# Singapore Culture



## deanclark (Aug 10, 2012)

Hello Friends,


Today I'm going to ask some questions about Singapore Culture. People who live in Singapore, which kind of culture they follows and about their living? Which kind of food and drink they have? And their behavior and what they like?


----------



## Cloud8 (Apr 9, 2012)

It's a materialistic culture. Appearances are important to most Singaporeans and many find 'face' to be very important. So they want the biggest tv, car, etc. 

And coupled with a 'scared-to-lose' mentality (also known as kiasu), it does feel like every man for himself. There's this rush to be first, to be the best, though sometimes you don't know where everyone is rushing to or what they are rushing for. 

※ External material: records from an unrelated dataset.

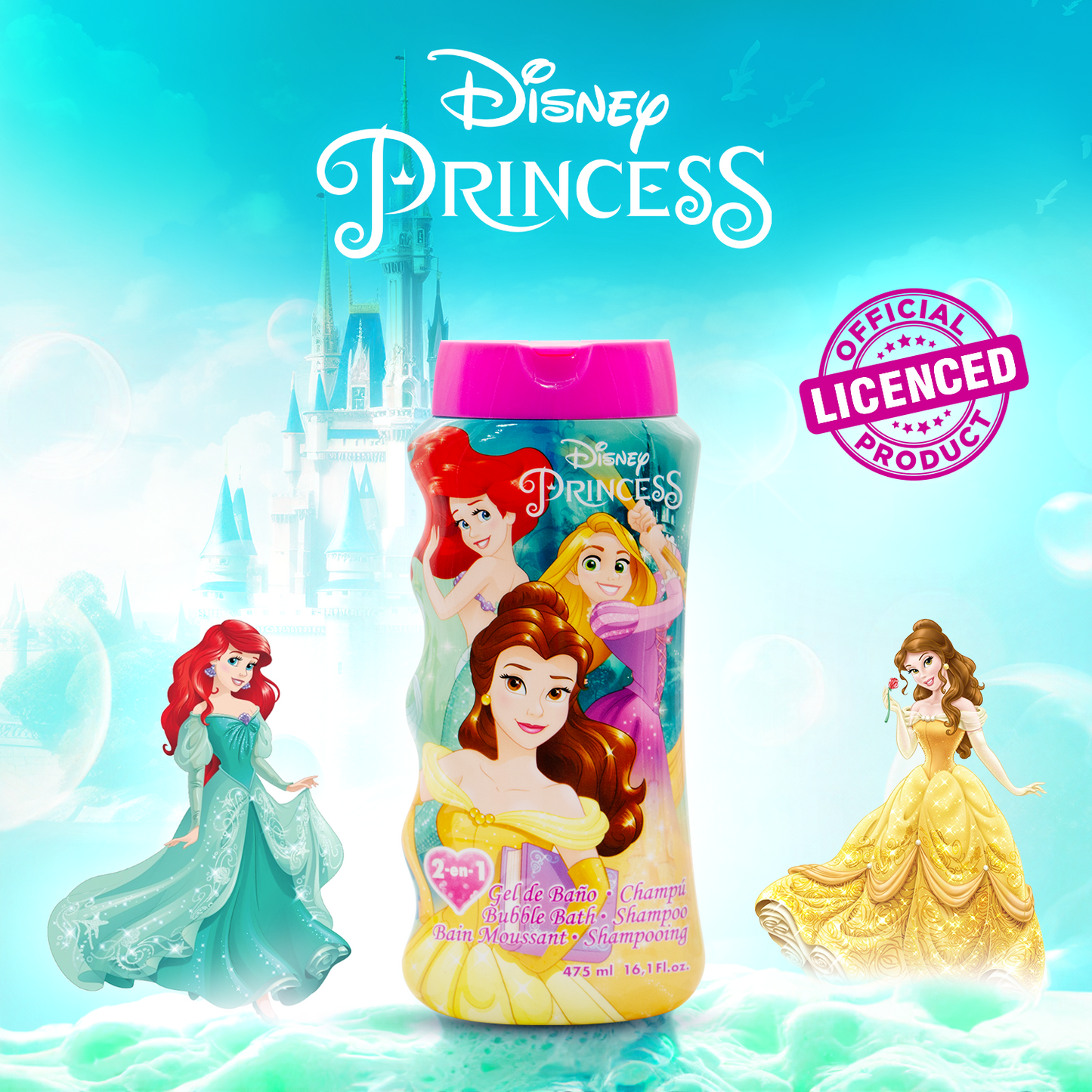 Lorenay Disney Princess 2-in-1 Bubble Bath & Shampoo 475ml - Gentle Kids Hair & Body Wash for Soft Cleansing, Tear-Free Formu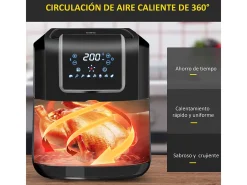 Freidora de aire Crispy Homcom 6,5L 1800W negro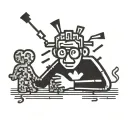 education teacher Keith Haring character forming tattoo design idea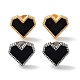 6 Pair 2 Color Heart Acrylic Stud Earrings EJEW-A024-12A-2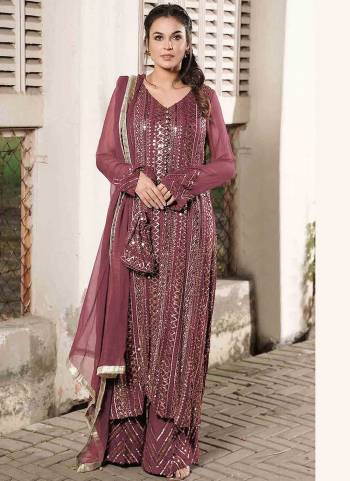 Attrective These Plazzo Suit in Fine Colored Pair With Bottom And Dupatta.These Top Are Faux Georgette And Dupatta Are Fabricated On Nazneen Pair With Santoon Bottom.Its Beautified With Santoon Inner.Its Beautified With Heavy Designer Sequance Embroidery Work.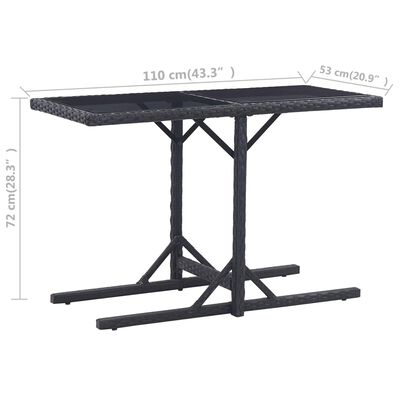 vidaXL Puutarhapöytä musta 110x53x72 cm lasi ja polyrottinki
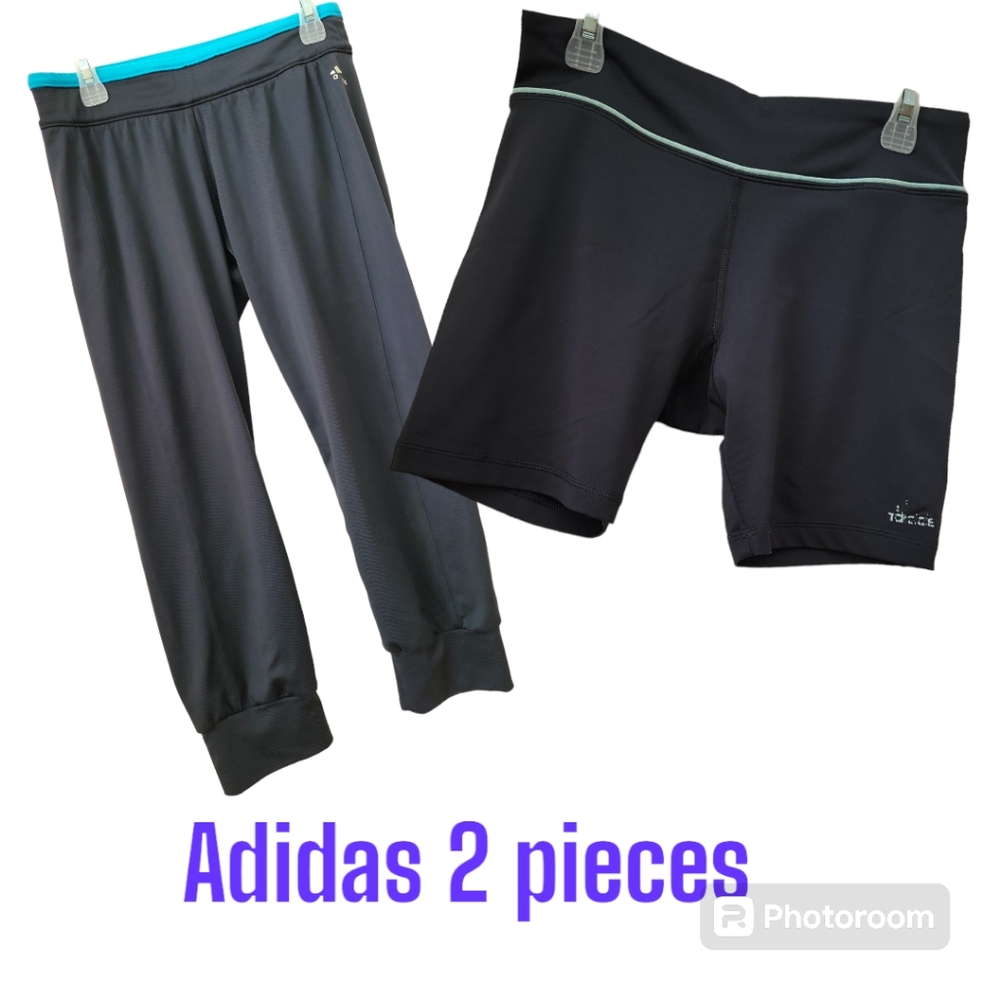 Adidas 2 pieces, Cuffed Capris & Bike shorts, S, Grey, GUC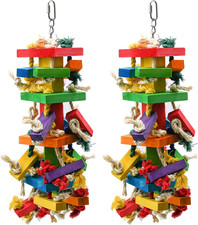 2 Pack 20In Large Parrot Toy, Multicolored Natural Wooden Bird Chewing Toys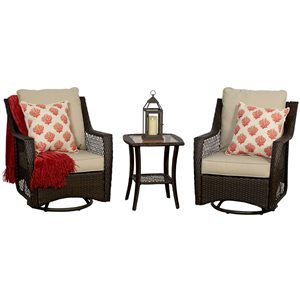 Ensemble bistro pivotant en osier toutes saison Glendenning par Think Patio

If you're originally from Singapore, why are you asking about this?


----------



## beppi (Jun 10, 2013)

The above is true, but so is the fact that Singapore has one of the most egalitarian societies in the world. It sounds like a contradiction and you have to live there and understand the culture to believe it.


----------



## anneteoh (Mar 20, 2010)

Thank you for an interesting OP and very true impressions of Sg today. Wonder where it's all taking to in the near, middle and distant future?


----------



## deanclark (Aug 10, 2012)

Cloud8 said:


> It's a materialistic culture. Appearances are important to most Singaporeans and many find 'face' to be very important. So they want the biggest tv, car, etc.
> 
> And coupled with a 'scared-to-lose' mentality (also known as kiasu), it does feel like every man for himself. There's this rush to be first, to be the best, though sometimes you don't know where everyone is rushing to or what they are rushing for.
> 
> If you're originally from Singapore, why are you asking about this?


Dear Friend,

I'm not originally from Singapore. Recently shifted in Singapore with family. I don't have any idea about Singapore culture and people. That's why I'm here.


----------



## beppi (Jun 10, 2013)

Your profile (see the box on top of your postings) says you are originally from Singapore and live in India now.


----------